Symbolic wedding Celebrant in France : A real profession

In France and in many parts of the world, a church wedding ceremony usually follows the civil marriage. Although not legally binding, the church wedding ceremony is deeply rooted in traditions and is considered as unavoidable by many couples. Most of them get married in church more out of respect for traditions than because it reflects a real belief.

Over the past 10 years in France, things have started to change as an increasing number of couples have decided not to get married in church. There could be several reasons, which actually reflect modern society: They were married before, have received different religious education, are of the same sex or they simply did not wish to have a religious wedding, etc. Until recently, the only option available for them was the legal marriage often perceived as an administrative chore rather than a real commitment. Same sex couples did not even have that possibility in France until 2013 as the very first legal marriage ceremony took place in Montpellier on the 29th May.

Fortunately, a fairly recent concept has become increasingly more popular over the past decade: The symbolic ceremony also called secular or humanist ceremony.

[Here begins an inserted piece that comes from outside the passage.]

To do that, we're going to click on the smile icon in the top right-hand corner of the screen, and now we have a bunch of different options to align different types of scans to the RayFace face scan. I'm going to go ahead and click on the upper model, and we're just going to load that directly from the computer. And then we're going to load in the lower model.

Very much like a church ceremony, a symbolic ceremony has no legal value however it is the ideal opportunity for couples to celebrate their union in a truly personalized and meaningful manner.

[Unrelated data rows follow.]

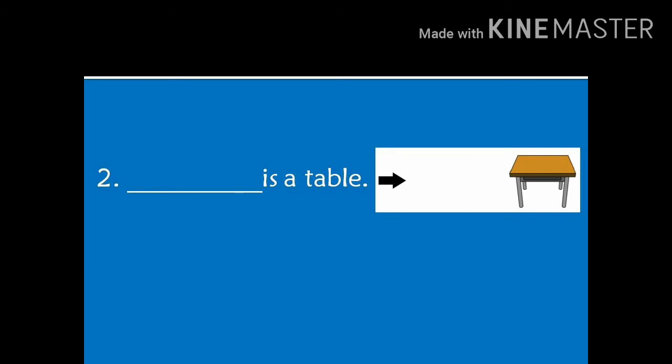Number 2. Dash is a table. In the picture, we can see there is a table and that is far from the arrow. So, the answer will be, that is a table.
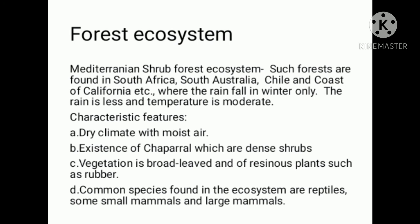The common species found in this ecosystem are reptiles, small mammals, and large mammals.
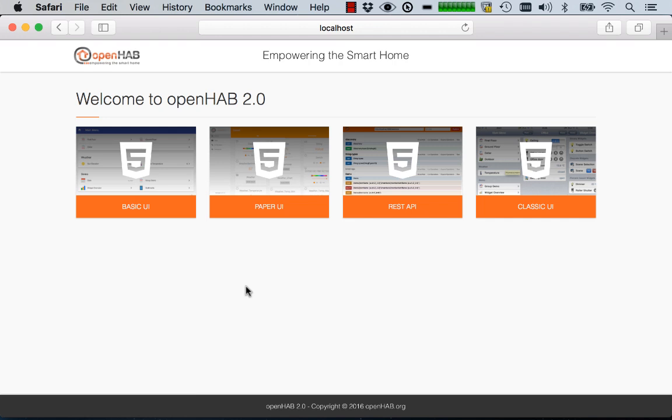Hi, this is Kai and I'd like to give you a brief introduction to the new Paper UI of OpenHAB version 2.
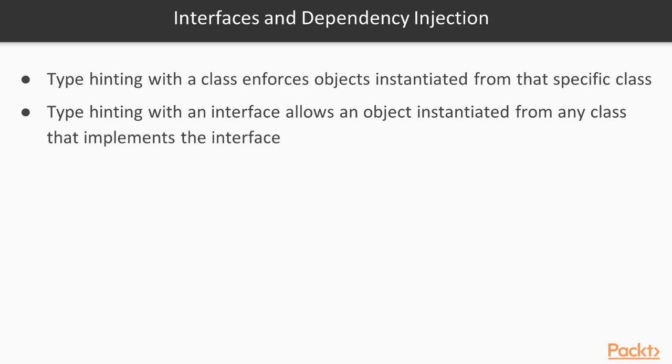If we type hinted with a specific class, then PHP would accept only an instance of that class to be passed in. We would not have a clean way to substitute a different object for the argument. However, since we are type hinting with an interface, we can pass in an object of any class that implements the interface.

Symbolic ceremonies were first seen in US romantic series where elegant couples wearing sumptuous outfits would get married in a tastefully decorated garden overlooking breath taking landscape.

Symbolic ceremonies are celebrated by people called celebrants or masters of ceremony. In France, no regulations apply to this profession to this day, which means that pretty much anyone can become a celebrant. For this reason, it is often celebrated by a friend of the couple or a family member, however more and more couples use the services of professional celebrants. Progressively, this profession is perceived as a real profession which requires specific skills: A good celebrant must display excellent writing skills, be articulate and comfortable with public speaking, be able to understand people’s personalities and expectations. The good news is that there are more and more good professional celebrants out there and that the level of service is improving significantly.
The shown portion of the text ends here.